« Mais fichez-nous la paix » à l’Institut français
09/04/2025|Mathilde Lamy de la Chapelle
Une entrée en matière que l’on n’aurait pu inventer pour « Mais fichez-nous la paix ». Prévu le 28 mars, le vernissage de l’exposition a dû être annulé à la suite des frappes israéliennes sur Beyrouth. Comme si la guerre, ici tournée en dérision, tentait de s’imposer de nouveau. Mais les évènements n’ont pas empêché la salle Montaigne d’accueillir les premiers curieux dès le lendemain. Une inauguration en demi-teinte donc, dont l’exposition est sortie victorieuse en prouvant tout à la fois son actualité et sa nécessité.
Une exposition à l’humour décalé, incisif, tendre aussi
« Mais fichez-nous la paix : l’amour, l’humour, la guerre, la paix » est le fruit d’une collaboration entre le dessinateur français Serge Bloch, auteur bien connu des petits et des grands par ses fictions « Max et Lili » et « SamSam », et la star du stand up libanais, Chaker Bou Abdalla. Une exposition autour de laquelle se sont réunis les genres – la scène et le dessin, les cultures, les langues, avec pour traits d’union le rire, l’art et le partage.
Une même envie aussi : celle d’alléger grâce à l’humour un quotidien assombri par la guerre et son souvenir. L’exposition, qui s’adresse autant aux adultes qu’aux plus jeunes, et notamment à un public scolaire, est à la fois ludique et interactive. Les illustrations de Serge Bloch invitent à se plonger dans un monde à hauteur d’enfant, où le rire et le jeu devraient être les seules préoccupations. On apprécie les dessins, pareils à des tags, placardés sur les murs de la salle Montaigne, les planches de BD en accordéons ainsi que les « photobooth » permettant de se grimer en personnage fantaisiste, comme une invitation à s’immerger dans un univers sens dessus dessous, à prendre de la distance avec le monde réel pour le regarder de loin et pouvoir en rire.
« On peut rire de tout, mais pas avec n’importe qui » ?
L’exposition se lance un vrai défi : celui de « rendre léger ce qui est désespérément lourd », selon les mots de Serge Bloch. Pari difficile mais réussi, à quelques détails près. On rit mais on rit jaune tant l’exposition attaque avec justesse et véracité les outrances de la guerre. Les manipulations du pouvoir sont pointées du doigt et chacun en prend pour son grade : militaires, politiques et profiteurs de troubles.

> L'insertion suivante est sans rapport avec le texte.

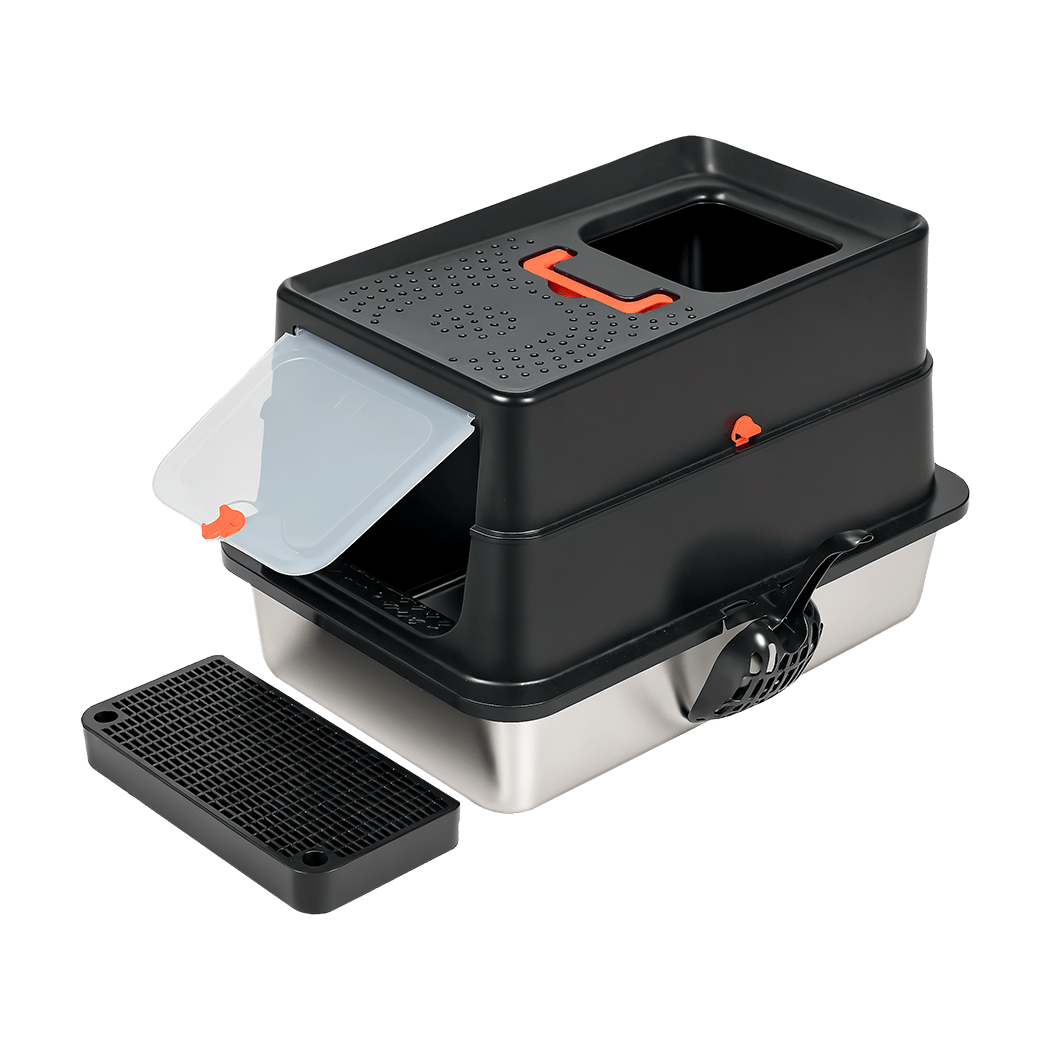 Large Enclosed Stainless Steel Cat Litter Box - Black - Rivercity House & Home Co. (ABN 18 642 972 209) - Affordable Modern Furniture Australia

Sans faire oublier la noirceur du tableau, les dessins enfantins de Serge Bloch parviennent à nous convaincre que, face à une telle absurdité, la dérision demeure la meilleure des contre-attaques. La plus sage et la plus efficace aussi. On pense à la remarquable illustration animée de l’album L’ennemi de David Cali, dans lequel deux soldats, isolés dans leurs tranchées, se surprennent à découvrir l’humanité de l’autre. « Je veux arrêter cette guerre, mais comment faire ? ».
Une exposition à découvrir en famille avant le 30 juin.